Skipping all pictures, please restate word for word the lines from the one that contains "logo vector Fundazioa Cristina Enea" through the last line of the entries.

Material provided »
------
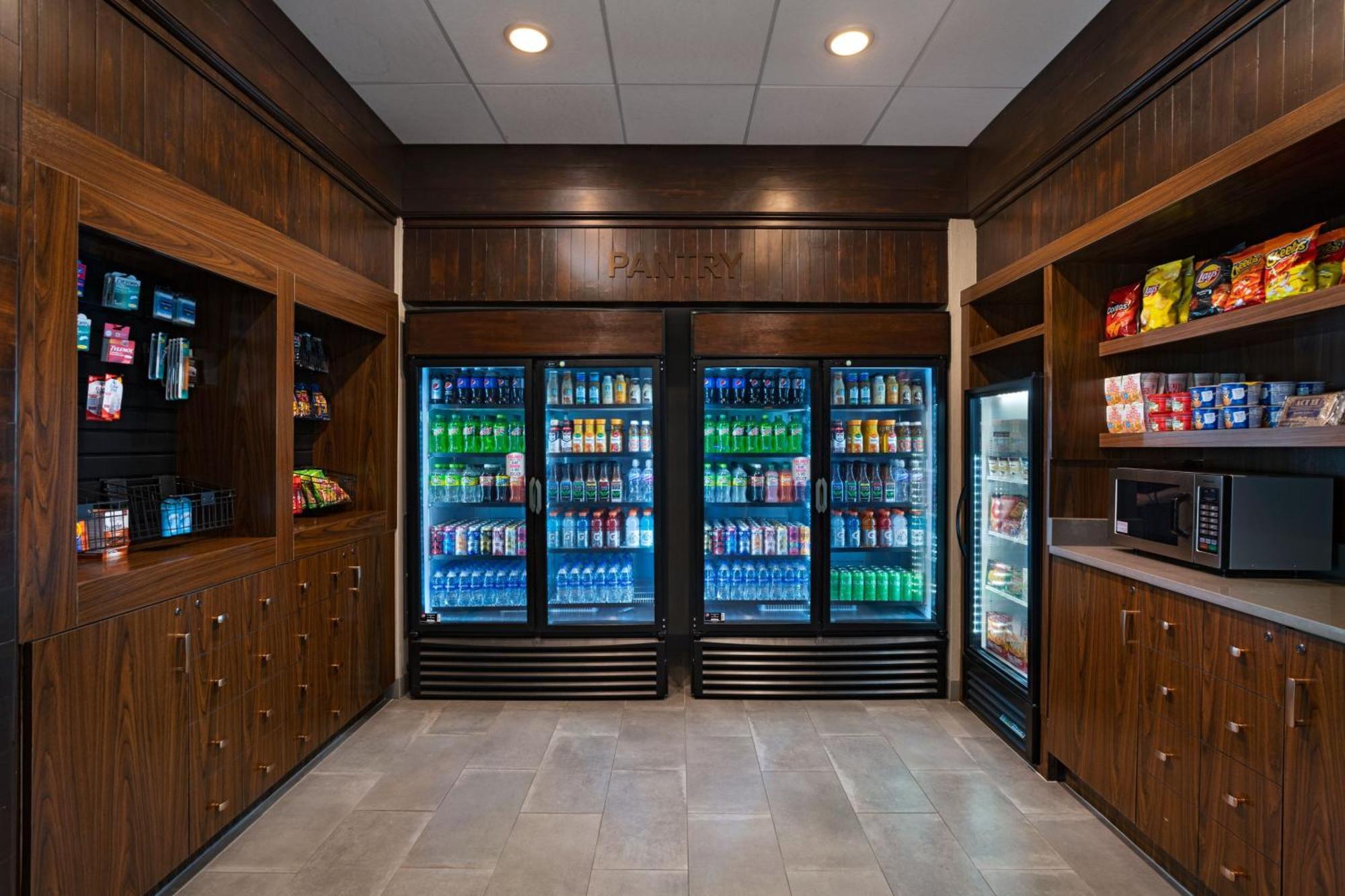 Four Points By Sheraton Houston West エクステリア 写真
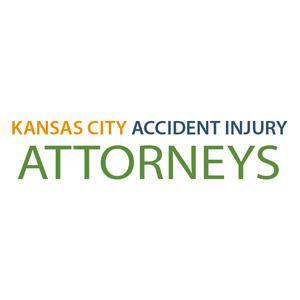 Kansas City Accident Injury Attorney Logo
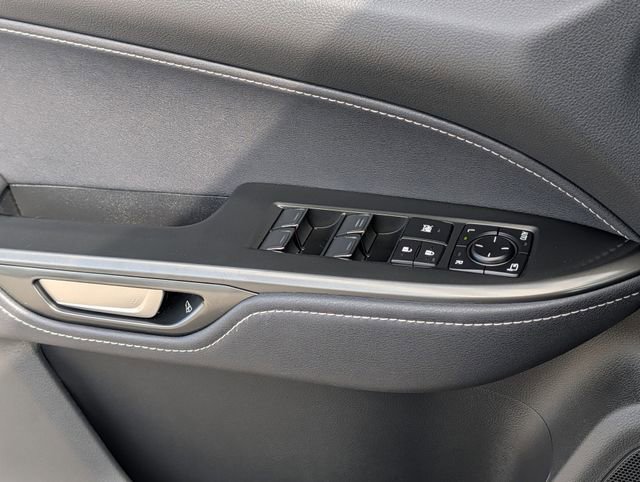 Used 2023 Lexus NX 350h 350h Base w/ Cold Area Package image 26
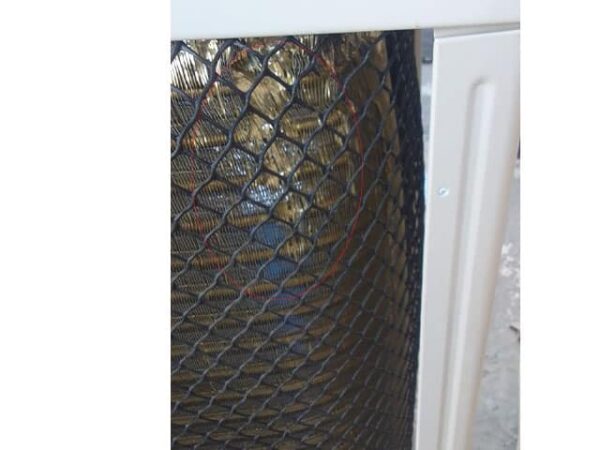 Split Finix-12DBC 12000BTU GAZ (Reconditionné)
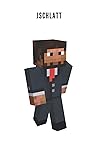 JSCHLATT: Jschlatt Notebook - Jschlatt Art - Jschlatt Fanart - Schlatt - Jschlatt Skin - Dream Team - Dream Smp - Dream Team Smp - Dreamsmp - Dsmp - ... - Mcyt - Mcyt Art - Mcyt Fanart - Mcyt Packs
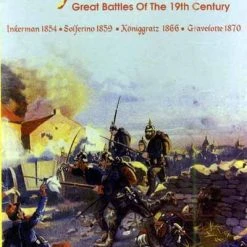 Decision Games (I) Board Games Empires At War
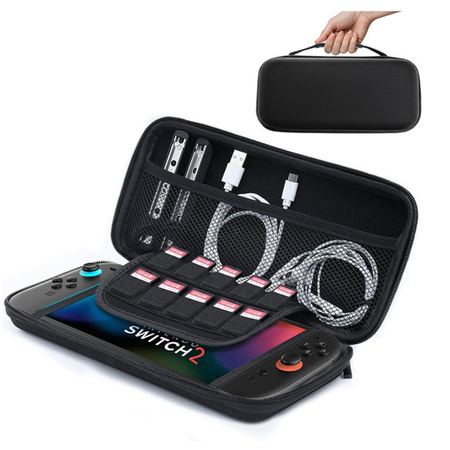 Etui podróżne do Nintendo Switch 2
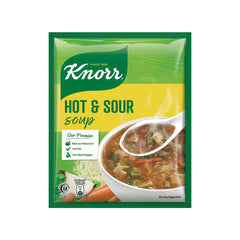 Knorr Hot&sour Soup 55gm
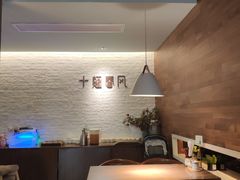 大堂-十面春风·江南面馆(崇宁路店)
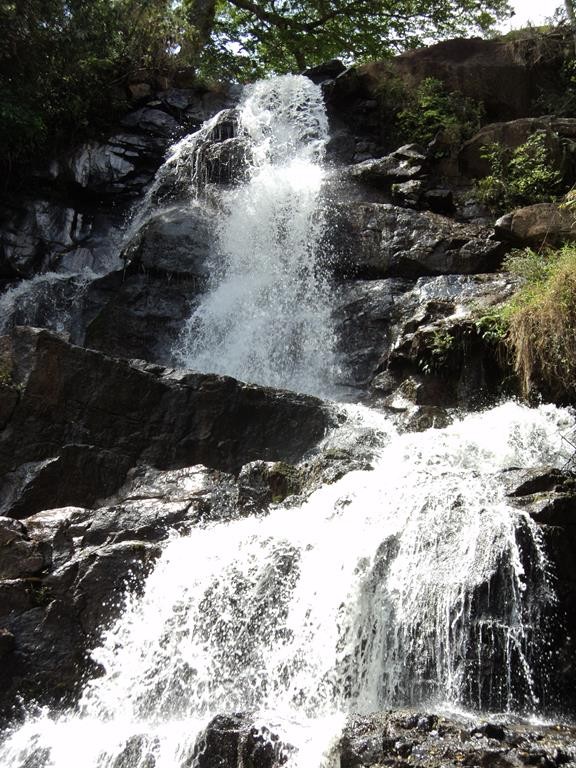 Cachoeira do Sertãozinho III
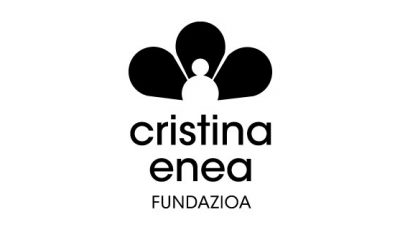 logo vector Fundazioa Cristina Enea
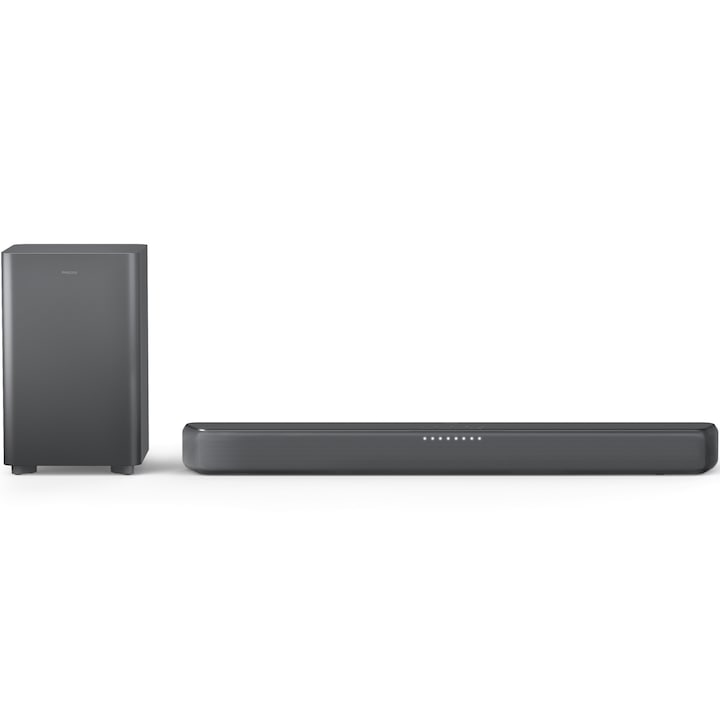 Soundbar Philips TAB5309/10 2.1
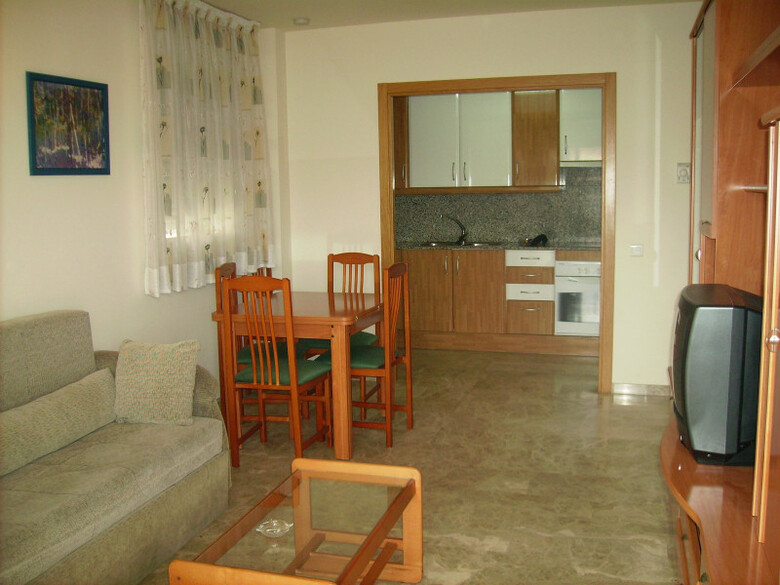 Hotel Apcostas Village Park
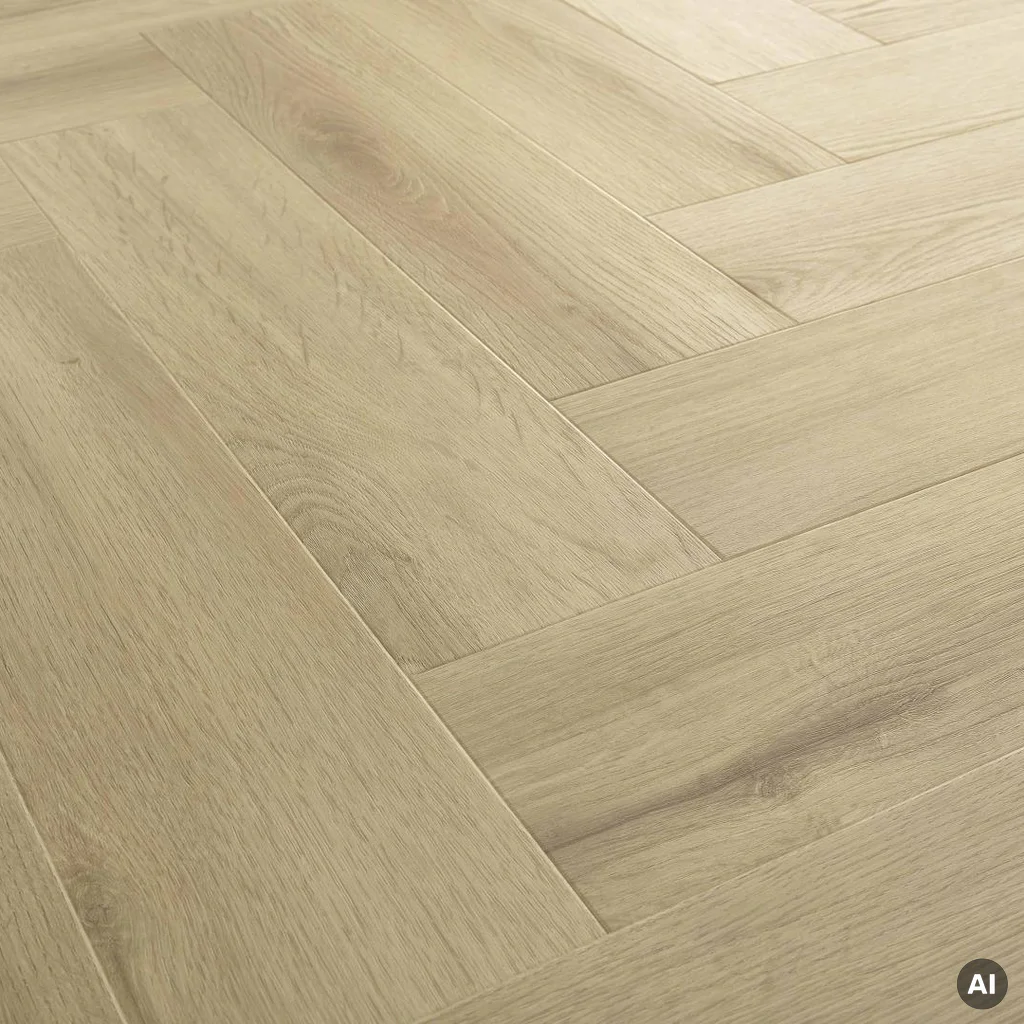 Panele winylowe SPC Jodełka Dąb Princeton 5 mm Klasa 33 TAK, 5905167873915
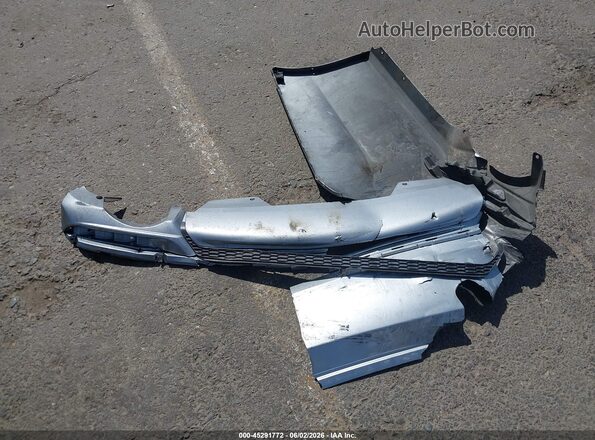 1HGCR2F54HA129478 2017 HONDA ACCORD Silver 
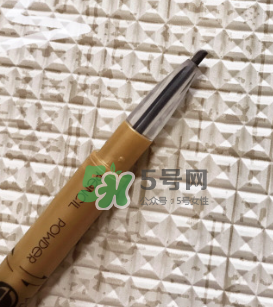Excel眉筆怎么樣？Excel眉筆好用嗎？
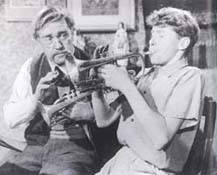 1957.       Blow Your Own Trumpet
------
Reply to the task »
 logo vector Fundazioa Cristina Enea
 Soundbar Philips TAB5309/10 2.1
 Hotel Apcostas Village Park
 Panele winylowe SPC Jodełka Dąb Princeton 5 mm Klasa 33 TAK, 5905167873915
 1HGCR2F54HA129478 2017 HONDA ACCORD Silver 
Excel眉筆怎么樣？Excel眉筆好用嗎？
 1957.       Blow Your Own Trumpet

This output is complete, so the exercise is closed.